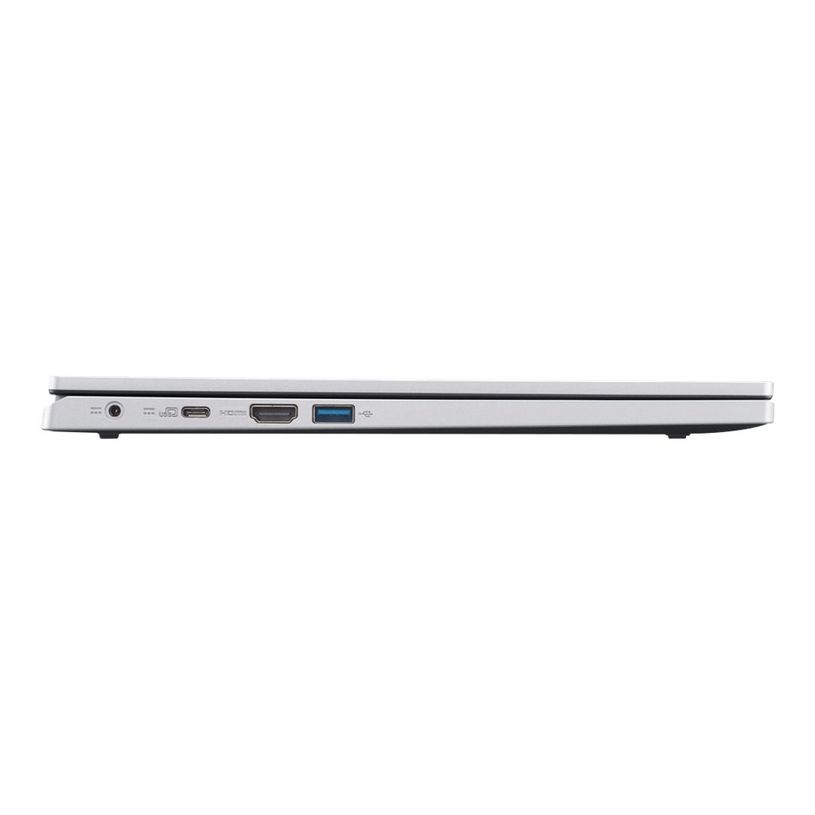 4711121403859-Acer Aspire 3 A315-24P - Pc portable 15,6" - AMD Ryzen 5 7520U / 2.8 GHz - 8 Go RAM - 512 -P_405144745_8-6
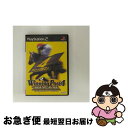 【中古】 PS2 ウイニングポスト4MAXIMUM / コーエー【ネコポス発送】
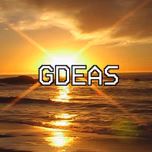 GDEAS Radio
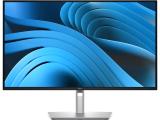 Dell Pro 27 Plus P2725QE снимка №2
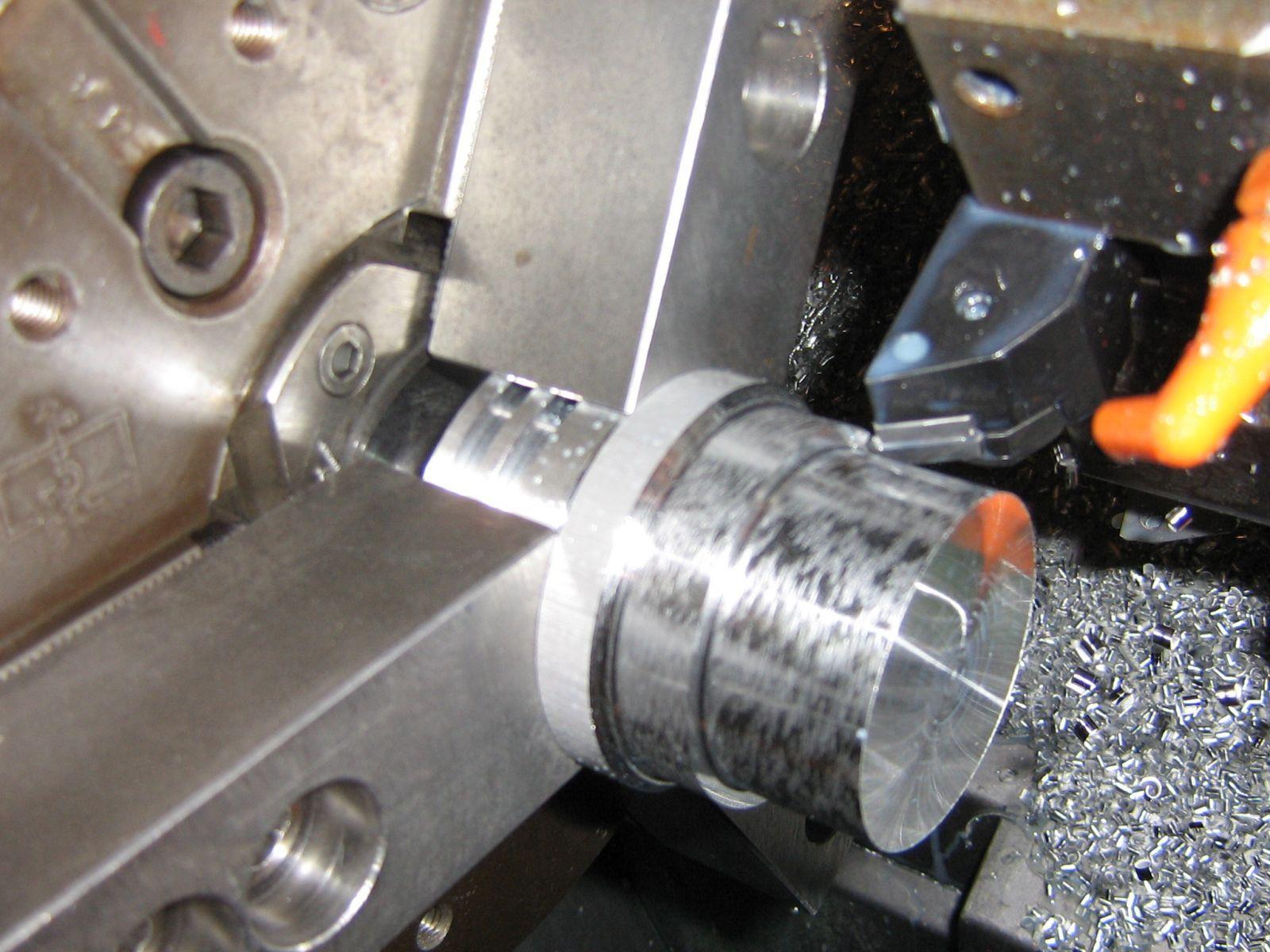 1600x1200 Lathe Wallpaper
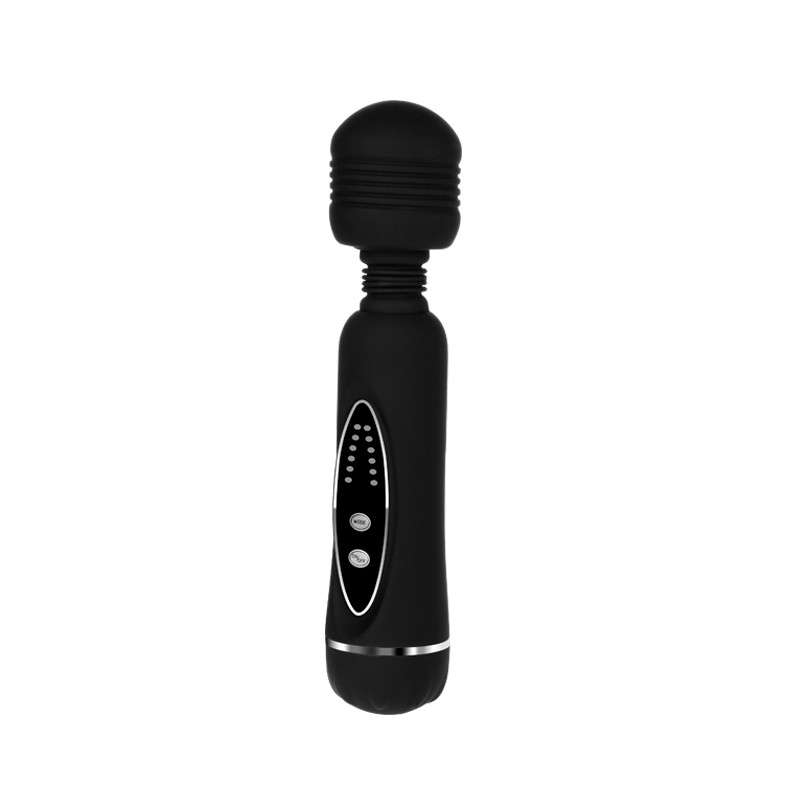 VIBRATOR PRETTY LOVE - MAGICAL MASSAGER | | €14.88 | mojsexshop.sk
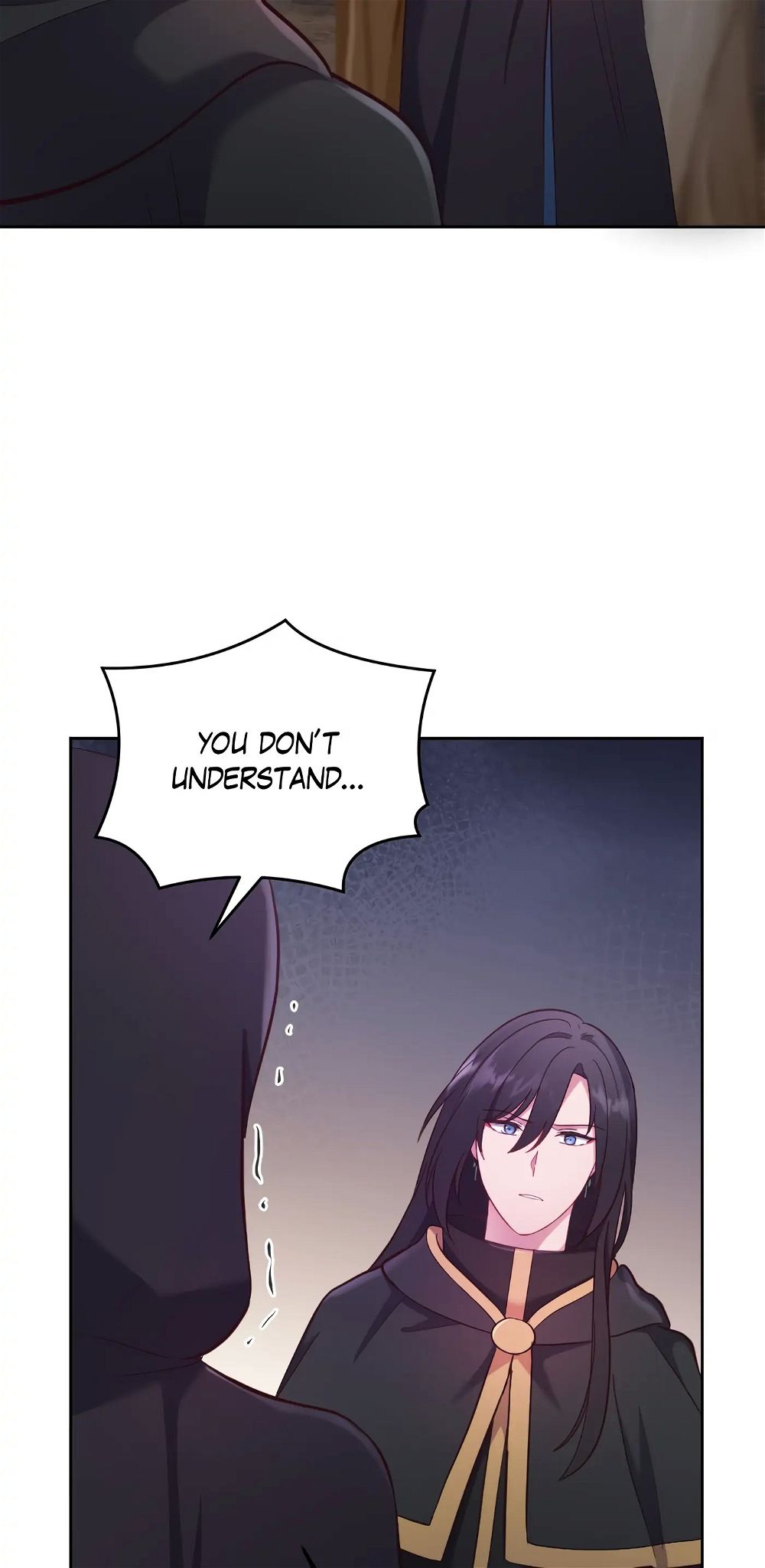 Ice (Manhwa) - Chapter 44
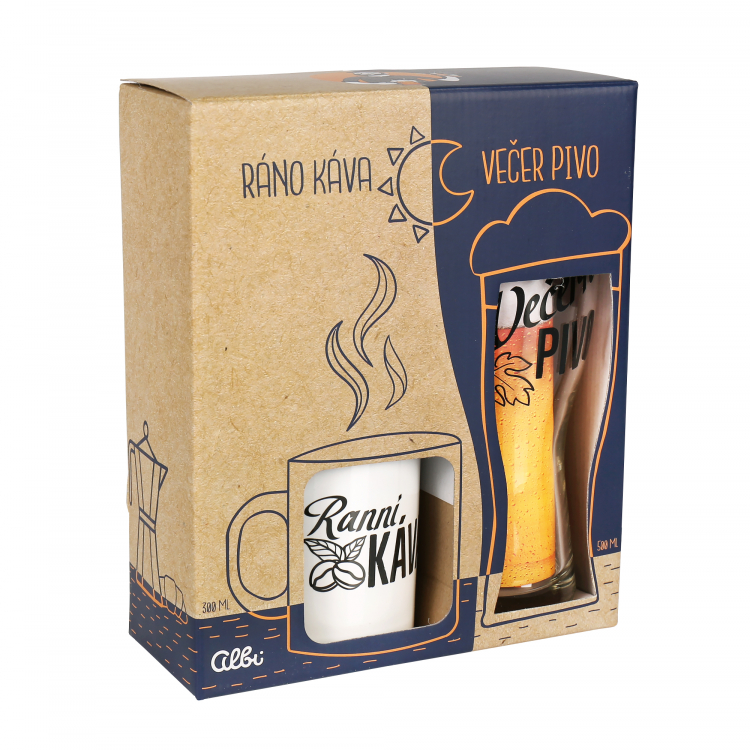 Svíticí létající talíř produkt 7946300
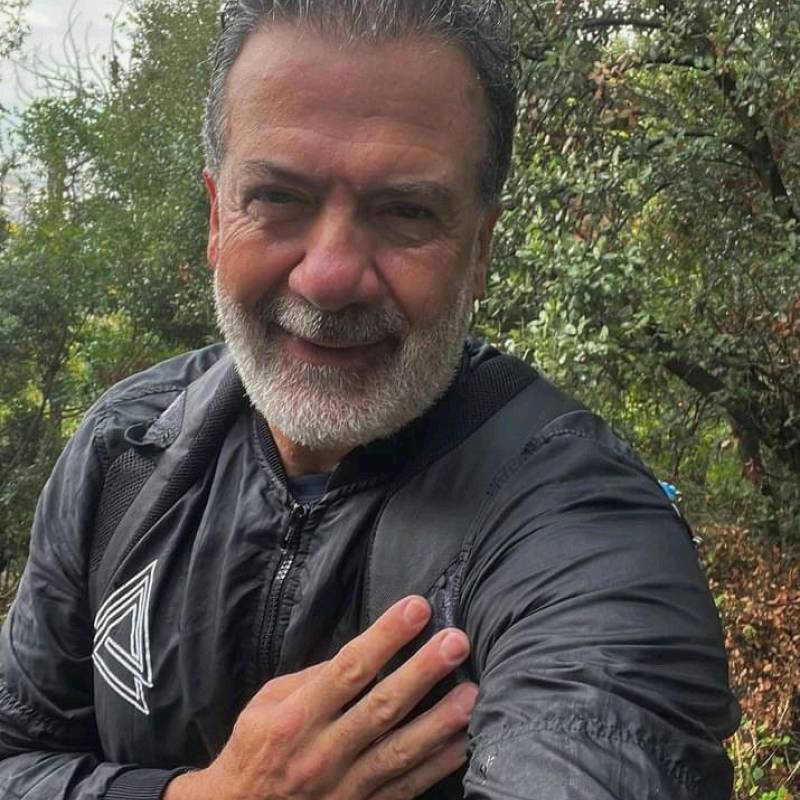 Dating in Rochester New York: David Smith. 55 years old. Free Online Dating.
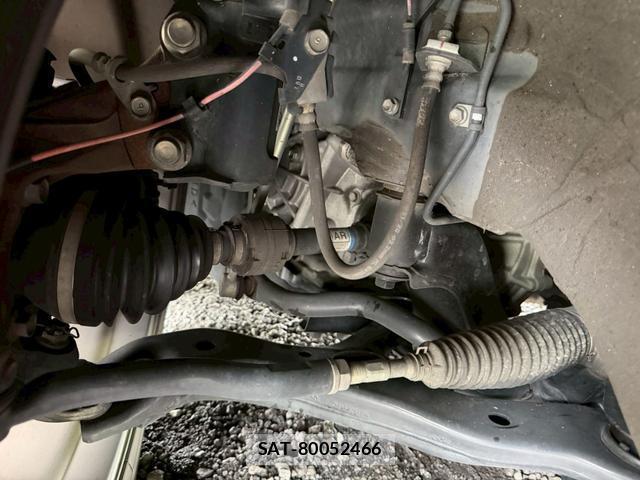 Toyota ALPHARD 2020-01 8221479-16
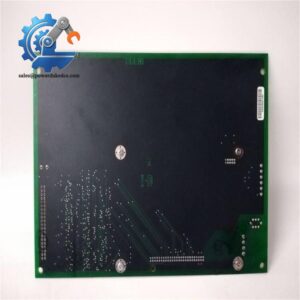 GE DS200ADGIH1AAA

· · · · · · ·

## Task objective
Leaving out the pictures, print exactly and only the lines from the one containing "Dating in Rochester" through the last line of the records.

## Response to this exercise
 Dating in Rochester New York: David Smith. 55 years old. Free Online Dating.
 Toyota ALPHARD 2020-01 8221479-16
 GE DS200ADGIH1AAA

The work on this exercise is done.